A large current is taken out from a front surface and a rear surface of the IGBT chip (here it is assumed that the chip includes a semiconductor device). Therefore, high electric insulation is required of a board on which the IGBT chip is fixed. Further, as an electrode for taking out current from the rear surface is formed on an electrically insulating board, a conductor layer must be formed on the electrically insulating board.
Generally, a thin film mainly consisting of copper (for example, a layer formed of copper foil) is used as the conductor layer, which thin layer is provided between IGBT chip and ceramic base plate, with an intervening layer therebetween.
Further, chip temperature of the IGBT chip increases because of heat for bonding generated at the time of mounting, and because of heat generated by the semiconductor device in operation, as a large current is controlled. Therefore, the board on which the IGBT chip is fixed and the entire board including peripheral members must have high radiation characteristic. If radiation from the board is insufficient, the temperature of the semiconductor device becomes too high to enable current control, and in the worst case, the semiconductor device may be broken.
FIG. 22 is a cross section of a conventional power module. In the conventional power module, IGBT chip 6 is fixed by solder on a copper layer 8 on a ceramic base plate 1 as an insulating base plate, and the ceramic base plate 1 is fixed by solder on a metal base 12. In FIG. 22, control circuits are not shown.
Referring to the figure, on a heat radiating plate 5 formed of a metal having high thermal conductivity such as copper or aluminum, base 12 is placed. Base 12 is fixed on heat radiating plate 5 by means of a bolt 4. Though not shown, at an interface between heat radiating plate 5 and base 12, a thin layer of silicon oil compound or the like is formed to reduce thermal resistance at the interface.

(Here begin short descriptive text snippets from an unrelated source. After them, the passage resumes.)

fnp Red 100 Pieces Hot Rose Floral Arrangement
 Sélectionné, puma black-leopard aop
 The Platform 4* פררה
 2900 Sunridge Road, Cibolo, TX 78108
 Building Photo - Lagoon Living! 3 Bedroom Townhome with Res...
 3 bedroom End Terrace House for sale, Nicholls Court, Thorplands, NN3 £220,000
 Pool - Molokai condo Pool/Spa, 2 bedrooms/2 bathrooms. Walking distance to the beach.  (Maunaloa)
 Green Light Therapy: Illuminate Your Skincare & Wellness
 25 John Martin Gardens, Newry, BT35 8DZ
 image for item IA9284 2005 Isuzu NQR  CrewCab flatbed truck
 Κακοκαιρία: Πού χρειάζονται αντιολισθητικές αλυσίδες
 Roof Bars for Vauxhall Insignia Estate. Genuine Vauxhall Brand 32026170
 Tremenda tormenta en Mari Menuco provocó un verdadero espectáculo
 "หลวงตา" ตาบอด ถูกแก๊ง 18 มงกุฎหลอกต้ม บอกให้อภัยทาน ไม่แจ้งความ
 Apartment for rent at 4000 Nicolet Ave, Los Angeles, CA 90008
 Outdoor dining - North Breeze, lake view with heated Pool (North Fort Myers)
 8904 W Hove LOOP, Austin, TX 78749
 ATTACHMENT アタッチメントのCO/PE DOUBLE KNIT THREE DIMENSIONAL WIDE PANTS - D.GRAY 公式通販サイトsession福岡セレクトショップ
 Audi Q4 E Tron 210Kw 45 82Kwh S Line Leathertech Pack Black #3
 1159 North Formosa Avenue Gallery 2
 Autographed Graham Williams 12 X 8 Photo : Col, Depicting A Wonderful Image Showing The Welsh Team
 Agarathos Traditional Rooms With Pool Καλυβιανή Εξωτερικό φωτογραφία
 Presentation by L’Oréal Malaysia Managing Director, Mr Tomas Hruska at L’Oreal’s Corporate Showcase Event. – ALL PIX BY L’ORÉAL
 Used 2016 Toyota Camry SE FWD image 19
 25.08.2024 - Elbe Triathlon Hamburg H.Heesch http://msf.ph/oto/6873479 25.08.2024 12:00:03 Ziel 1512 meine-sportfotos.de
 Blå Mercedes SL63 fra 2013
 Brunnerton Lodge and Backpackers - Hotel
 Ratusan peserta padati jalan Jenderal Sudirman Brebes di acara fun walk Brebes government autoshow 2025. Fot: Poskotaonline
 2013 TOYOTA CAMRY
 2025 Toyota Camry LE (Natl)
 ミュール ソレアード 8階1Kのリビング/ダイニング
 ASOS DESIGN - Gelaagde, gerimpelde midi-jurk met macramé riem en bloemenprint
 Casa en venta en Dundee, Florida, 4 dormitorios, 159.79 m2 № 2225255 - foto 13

On base 12, a resin case 10 encapsulating the current control unit is fixed by means of an adhesive, for example. On base 12 in case 10, ceramic base plate 1 on which a control circuit part is mounted is fixed by solder. More specifically, a control circuit having the intervening layer and conductive layer 8 mainly consisting of copper stacked with each other is formed, on ceramic base plate 1 with one end connected to an external circuit through an electrode 9.
Circuit components such as semiconductor device 6 and diode 7 are soldered on conductive layer 8. The space of the encapsulating case 10 is filled with silicon gel, for example. Here, wire bonding between the semiconductor device, diode and the like are not shown.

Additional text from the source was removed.